Lessons about performing, lesson 33: Branding!

Look, if you don’t know what I’m doing by now, you’re probably never going to know what I’m doing! 😉

I’m a professional performing musician. I’ve done this job, in some capacity, for many decades. I’m good at it. It’s not ego – it’s years of learning the trade.

The lazy bastards in the industry haven’t written a book that tells you all the shit you really should know before deciding to become a performer. I’d think they’d write this stuff in a book, but they didn’t. They should, they could probably make a few bucks!

But, they haven’t… That means you’re stuck with me telling you all these rules – and there are quite a few. These rules won’t make you a rock star, but they will give better odds than your competition and they may just enable you perform music as your sole source of income. (That’s a rarity and that’s the goal I’m setting for you with this list – though you may not choose to go that far.)

So, here’s the complete list – if you want to read it. If you’re already caught up, let’s get on with the show!
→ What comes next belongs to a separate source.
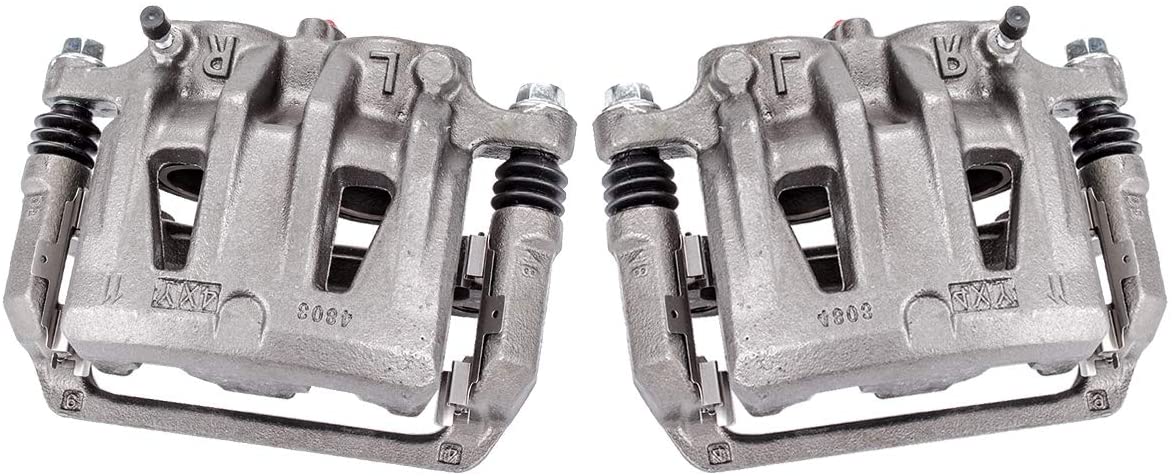 Callahan CCK04547 [2] FRONT Premium Semi-Loaded Original Brake Caliper Pair + Hardware [ fit 2004-2009 Nissan Quest ]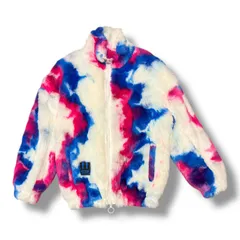 国内正規 OFF-WHITE Fake Fur Jacket  フェイクファージャケット ブルゾン オフホワイト OMEA186E19E20002 マルチカラー S （530M）のサムネイル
Rule #33: Remember Branding!

We’ve already touched on this subject before. I’ve mentioned that you need to treat your band like a business. I’ve mentioned that you need to treat fans with things like merchandise. I’m going to put this together.

You’re going to want a band name that’s appropriate and something that’s easy for people to remember. It should fit on something like a guitar pick, a t-shirt, cups, CD covers, banners, and things like that.

It should also be appropriate for the crowd you’re aiming to please. I’ll go so far as to tell you that a gospel band should probably not be named Satan’s Gay Lovers. Your punk band should probably not be called Daddy’s Lil’ Princess.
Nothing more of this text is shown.